Now, when a new user needs to be assigned to an arm, we sample each finger’s distribution, multiply each sample by the CLV of its corresponding subscription level, and add all the results together. (Although this result is not exactly the same as a random sample from the distribution of potential revenue for that arm, you could think of it like that.) We repeat this finger-summing process for every arm, and the user is assigned to whichever arm has the highest total sample value.

This multi-fingered, multi-armed approach allowed us to incorporate both the benefit of higher-value conversions and the higher likelihood of lower-value conversions into our assignment decision, while retaining the computational simplicity of the Thompson sampling algorithm.

Here’s an example of how our method changed its assignments dynamically. Here’s a plot of the distribution of assignments a couple weeks into the test:

And here’s a plot of the same distribution a few weeks later:

You can see that the D and F arms of the test started out as losing arms, but caught up as the test went on. The reverse happened to arm E. The I arm, however, stayed strong throughout the test.

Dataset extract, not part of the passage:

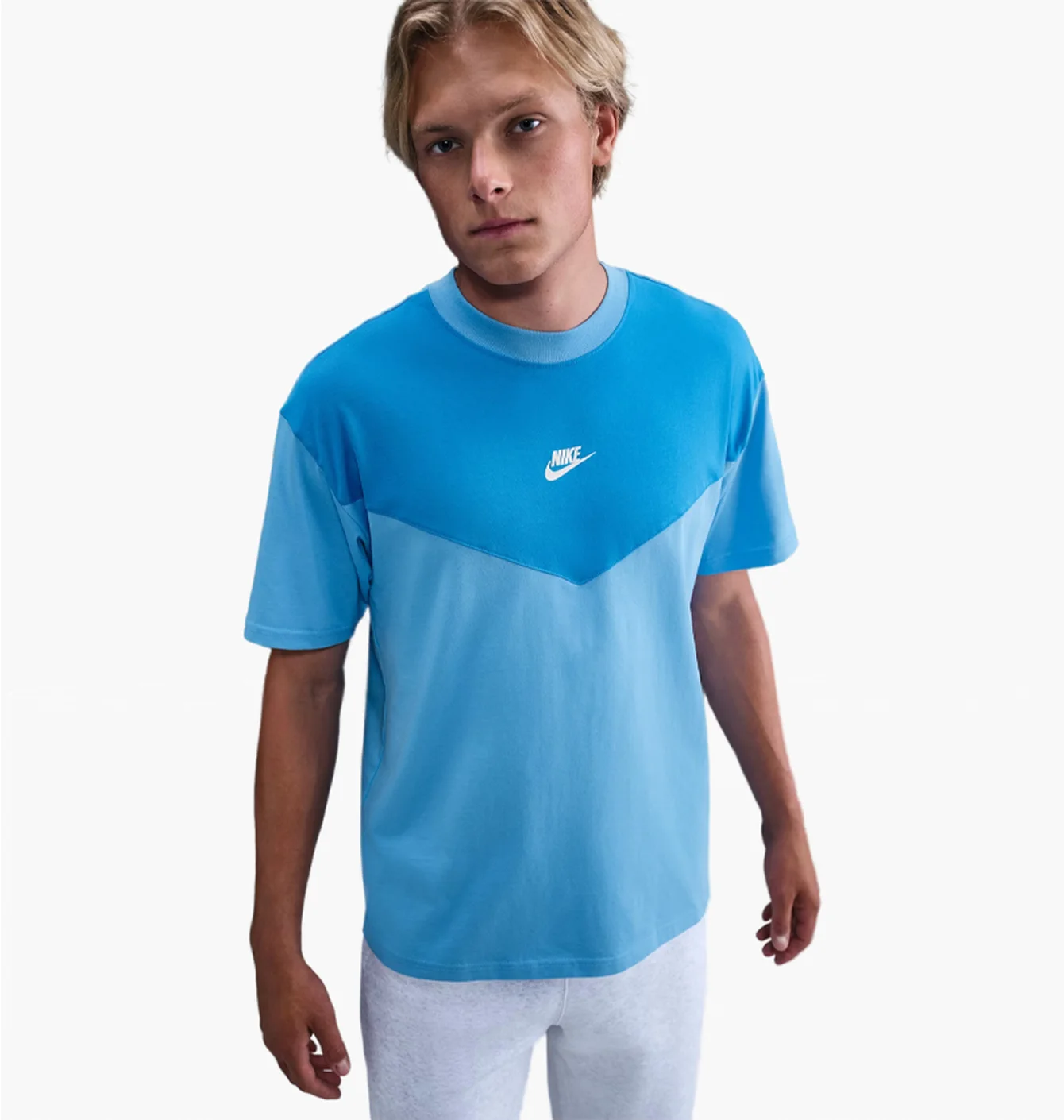 NIKE TECH MIX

We were excited that the test worked, since this was our first time trying out a multi-armed bandit algorithm. Additionally, the test demonstrated the feasibility of using many different payout levels to run and assess a conversion test.

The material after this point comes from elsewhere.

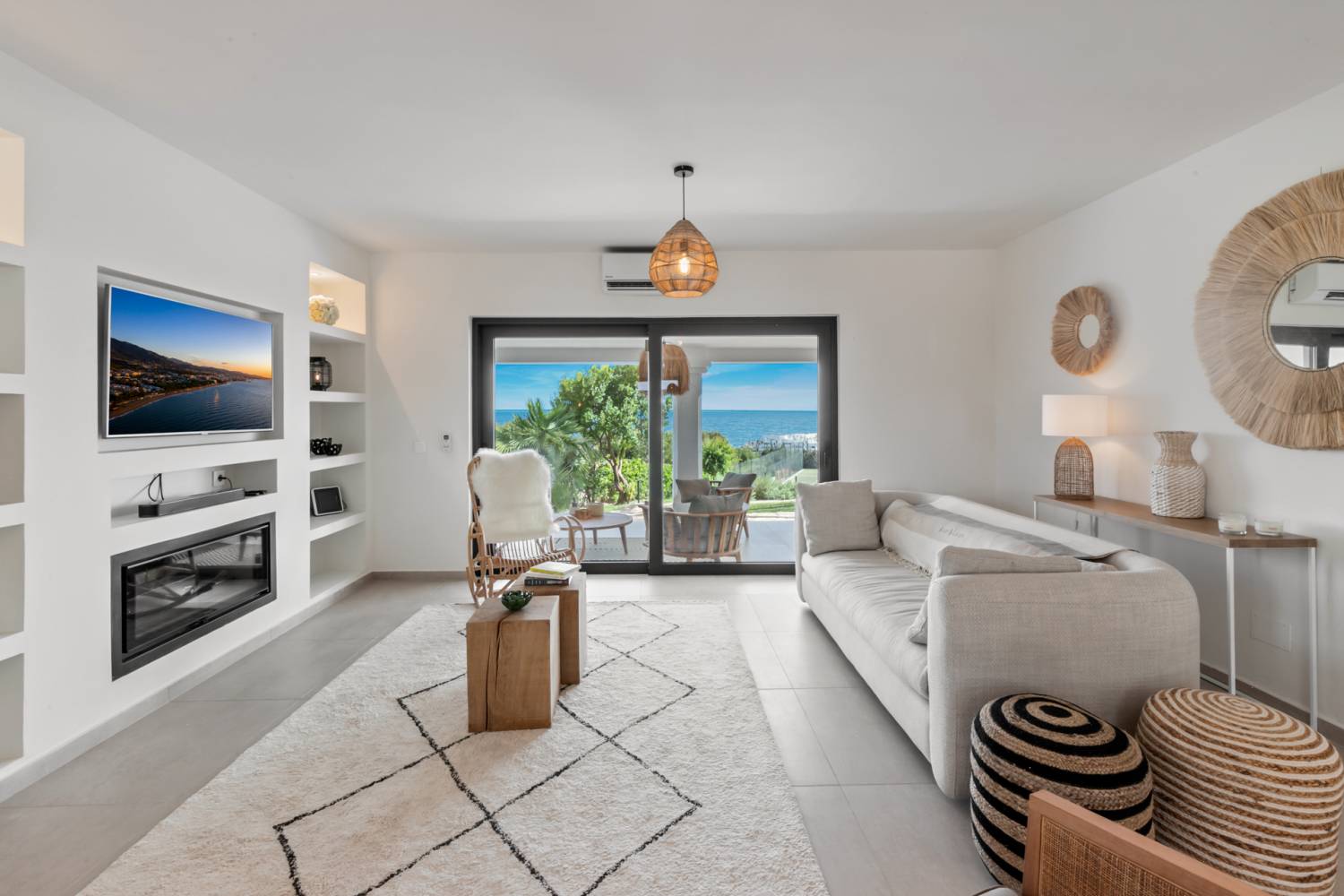 5 Bed, 5 Bath, HouseFor Sale, Estepona, Malaga, 29680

To evaluate the benefit of dynamic optimization, we compared the total CLV of all the customers gained during the test with the hypothetical total CLV of having run the same test with a standard A/B/n assignment, given the historical conversion ratios during the test. Even though none of the taglines have really stood out as a winner or loser, so far, we’ve garnered \$1800 more in CLV than we would have with an A/B test!

This was our first time including a bandit algorithm in our testing strategy. Not only did we successfully implement it, but we also tweaked it to meet our needs. We found a way to include different payouts in our algorithm by using multiple probability distributions, estimating each payout, and combining samples from each distribution according to the weight of its payout. We then demonstrated this on a 12-arm test. We’re excited to continue iterating on this approach and hope that this motivates others to give bandit algorithms a try.

1In the world of Bayesian statistics, which Thompson sampling is based in, the idea of ‘statistical significance’ is not the same as it is in the world of Frequentist statistics, which is where A/B tests come from.